* _WHAT TO PRODUCE_: The entries that follow need to be reproduced exactly, minus any images.

[Entries taken from a collection]
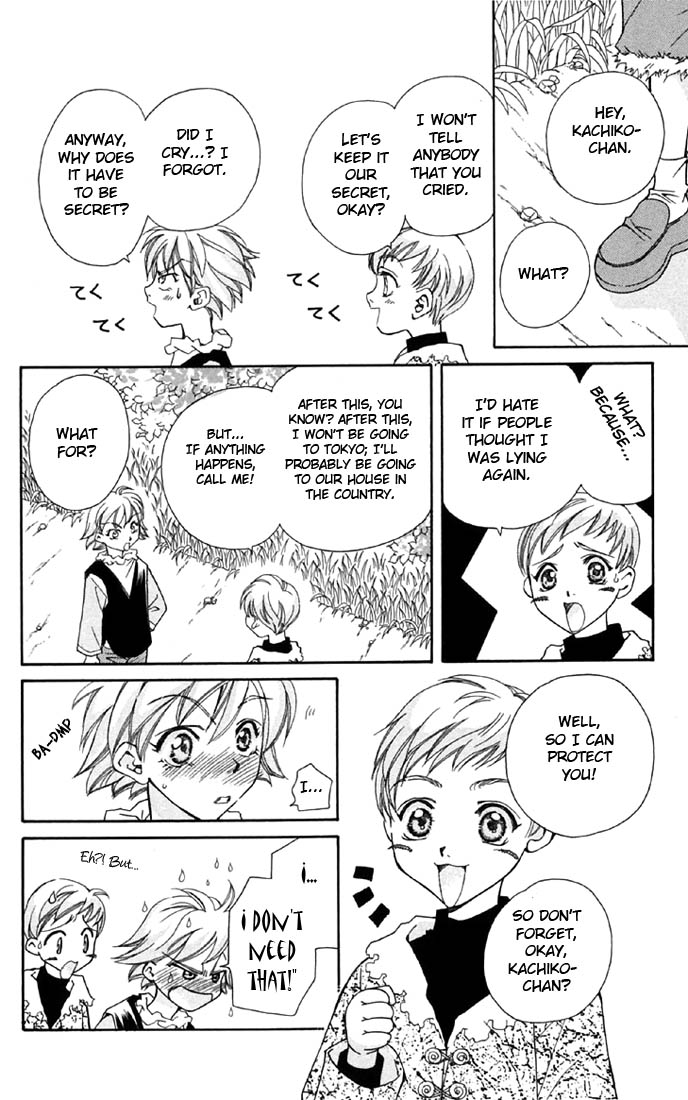 Boku wo Tsutsumu Tsuki no Hikari The Moonlight That Surrounds Me 第64页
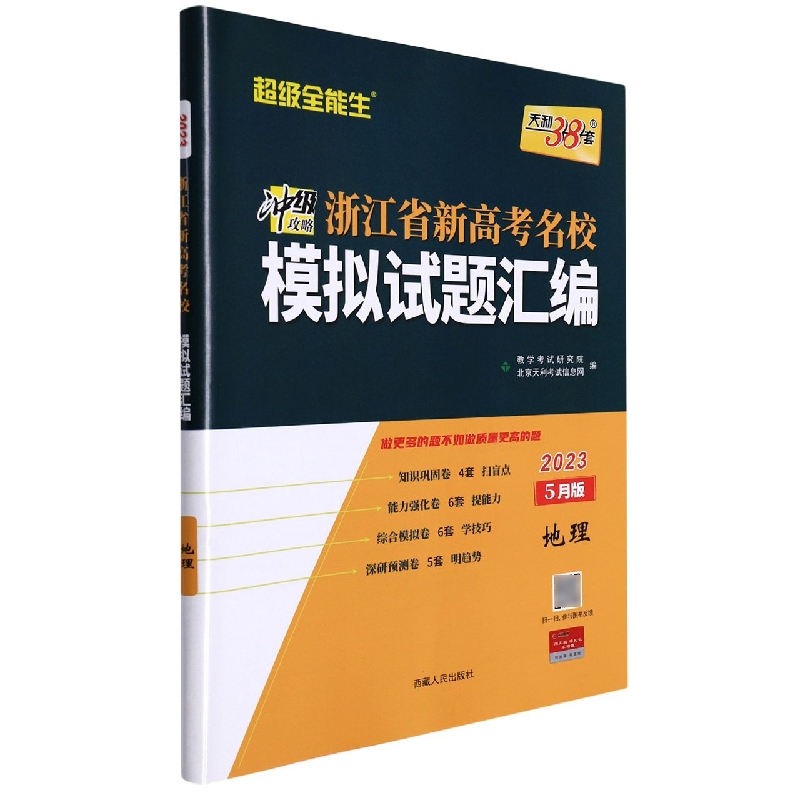 天利38套 2023 地理5月版 浙江省新高考名校模拟试题汇编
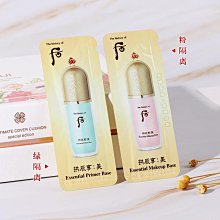 WHOO后【拱辰享•美】絲絨柔霧粉餅12g 正貨 SPF 30/PA++ (附粉撲*2)~21/23號色~ 歷史價格詳細信息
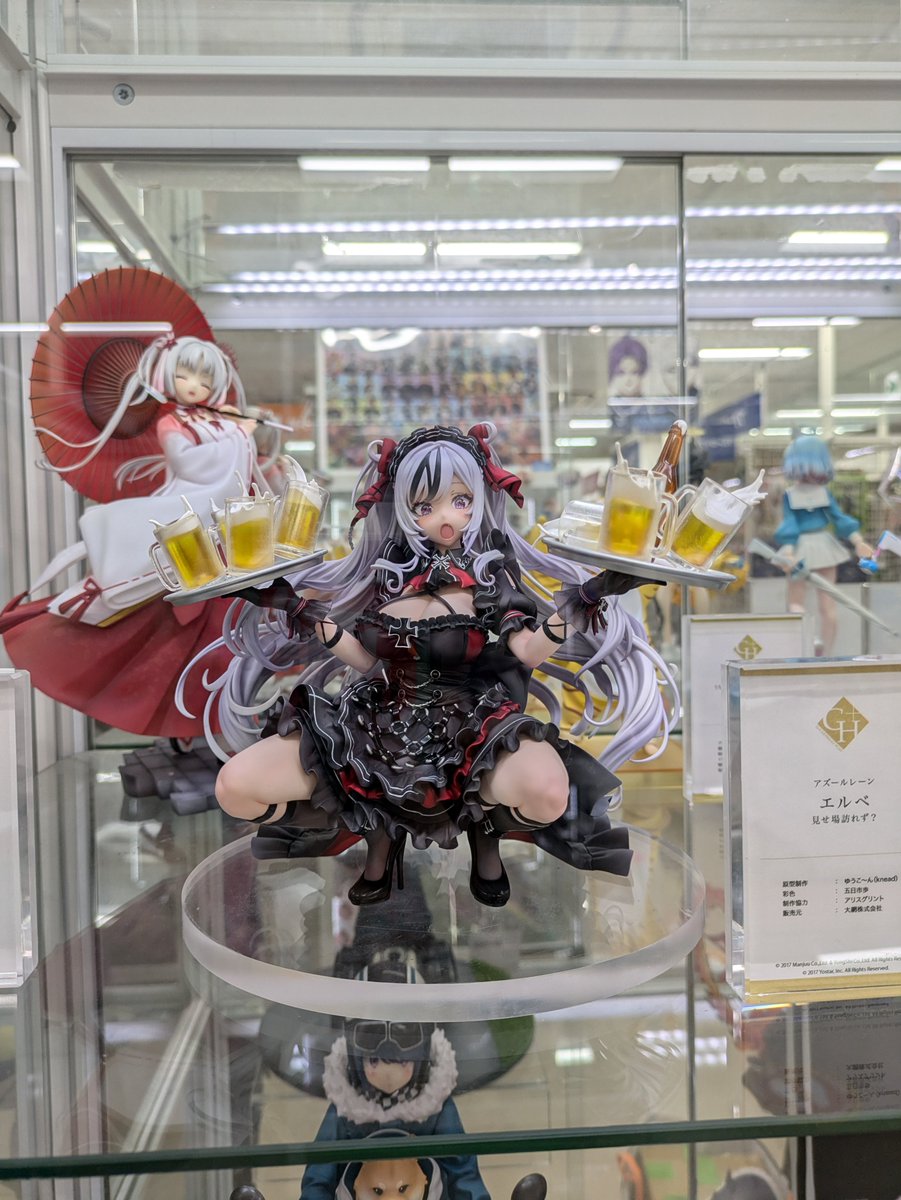 展示情報】 「エルベ 見せ場訪れず？」があみあみ秋葉原ラジオ会館店様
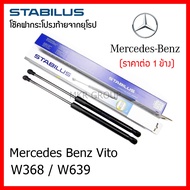 Stabilus โช๊คฝาท้ายแท้ OEM โช้คฝาประตูหลัง จากเยอรมัน สำหรับ Benz Vito W638 W639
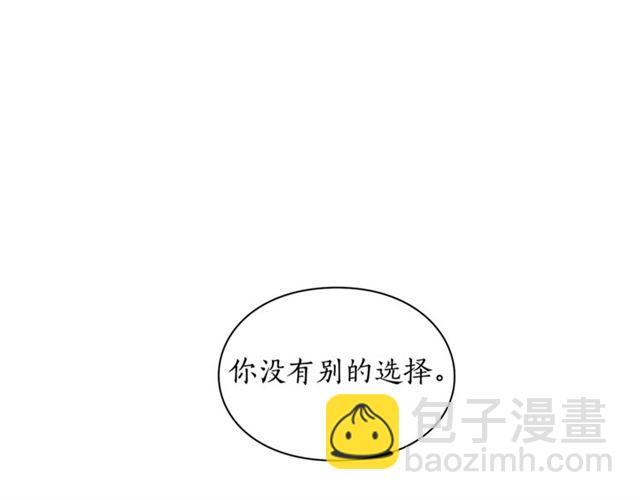 第28话 哥哥or弟弟62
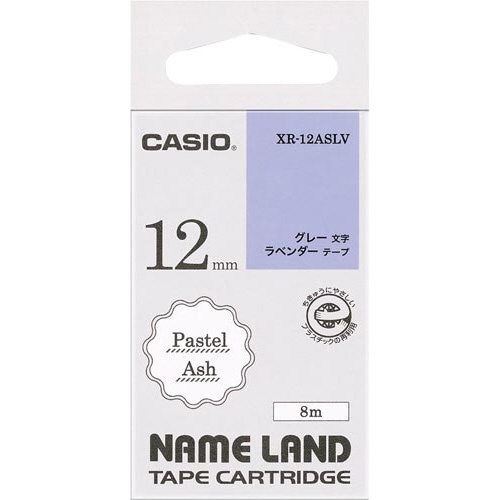 ネームランドパステルアッシュ ラベンダー 12mm
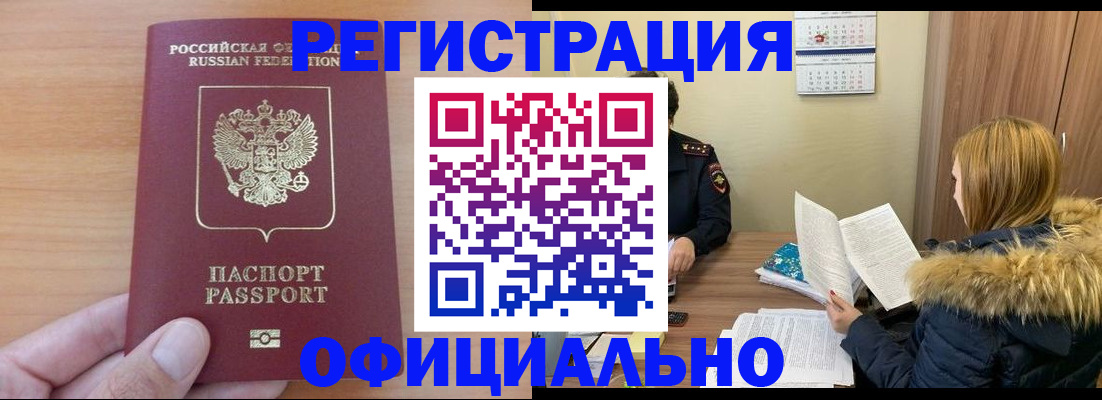 временная регистрация в квартире в Апрелевке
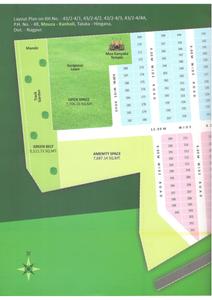Image of 1500 Sq.ft Residential Plot / Land for sale in Unique City, Ring Road, Nagpur for Rs. 3500000
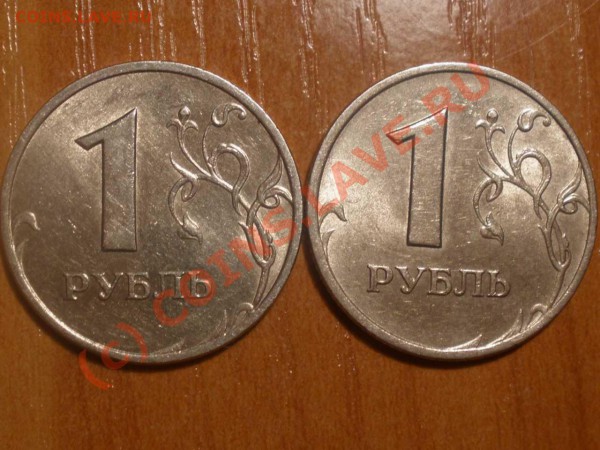 1 рубль 1999 года ММД - P2230023_hf.JPG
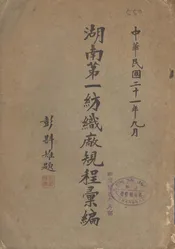 湖南第一纺织厂规程汇编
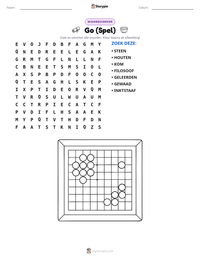 Go (Spel) afdrukbare werkblad voorbeeld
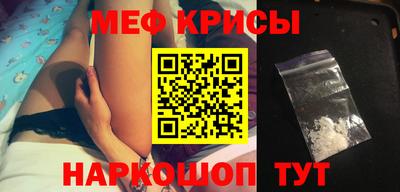 тгк Малгобек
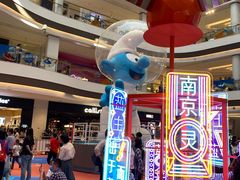 -龙湖南京江北天街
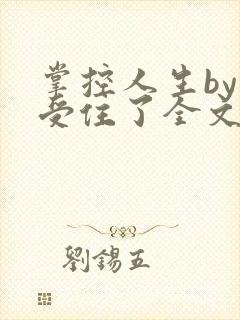 掌控人生by难受住了全文阅读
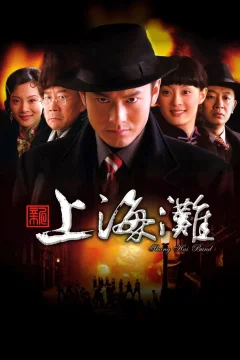 Xem phim Bến Thượng Hải - RoPhim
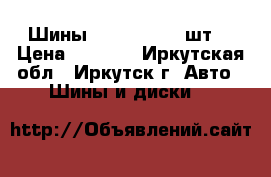 Шины R-15 195/60 2шт. › Цена ­ 3 500 - Иркутская обл., Иркутск г. Авто » Шины и диски   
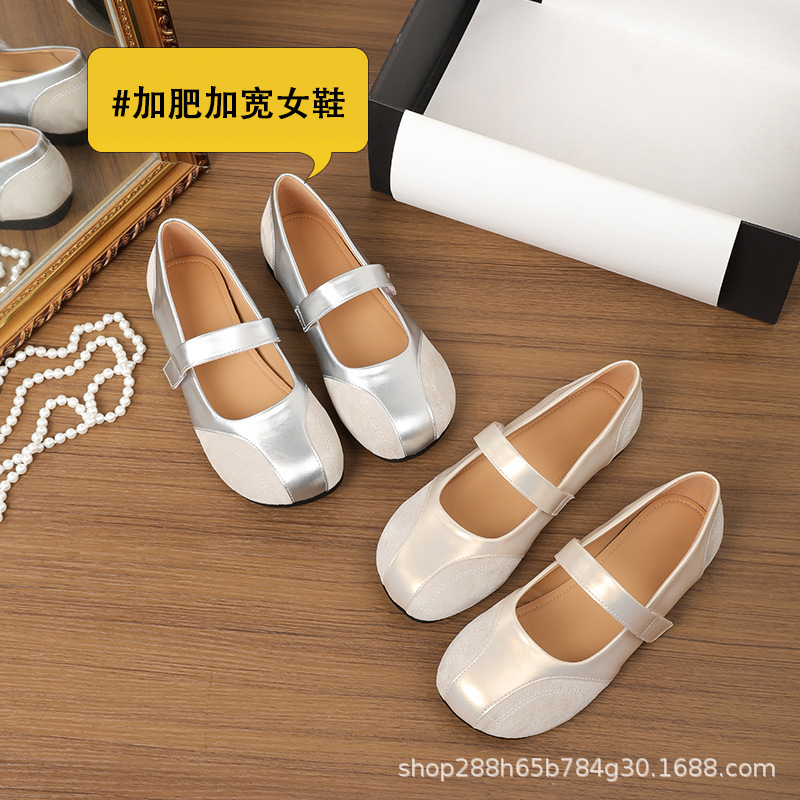 688-11 Widened and Fattened Large Size Women's Shoes Mary Jane Shoes Women's Retro Versatile Sports Style Flats Flats Ballet Shoes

* _PROBLEM SOLUTION_:
 Boku wo Tsutsumu Tsuki no Hikari The Moonlight That Surrounds Me 第64页
 天利38套 2023 地理5月版 浙江省新高考名校模拟试题汇编
 WHOO后【拱辰享•美】絲絨柔霧粉餅12g 正貨 SPF 30/PA++ (附粉撲*2)~21/23號色~ 歷史價格詳細信息
 展示情報】 「エルベ 見せ場訪れず？」があみあみ秋葉原ラジオ会館店様
 Stabilus โช๊คฝาท้ายแท้ OEM โช้คฝาประตูหลัง จากเยอรมัน สำหรับ Benz Vito W638 W639
 第28话 哥哥or弟弟62
 ネームランドパステルアッシュ ラベンダー 12mm
 временная регистрация в квартире в Апрелевке
Image of 1500 Sq.ft Residential Plot / Land for sale in Unique City, Ring Road, Nagpur for Rs. 3500000
 1 рубль 1999 года ММД - P2230023_hf.JPG
 湖南第一纺织厂规程汇编
 Go (Spel) afdrukbare werkblad voorbeeld
 тгк Малгобек
 -龙湖南京江北天街
 掌控人生by难受住了全文阅读
 Xem phim Bến Thượng Hải - RoPhim
 Шины R-15 195/60 2шт. › Цена ­ 3 500 - Иркутская обл., Иркутск г. Авто » Шины и диски   
 688-11 Widened and Fattened Large Size Women's Shoes Mary Jane Shoes Women's Retro Versatile Sports Style Flats Flats Ballet Shoes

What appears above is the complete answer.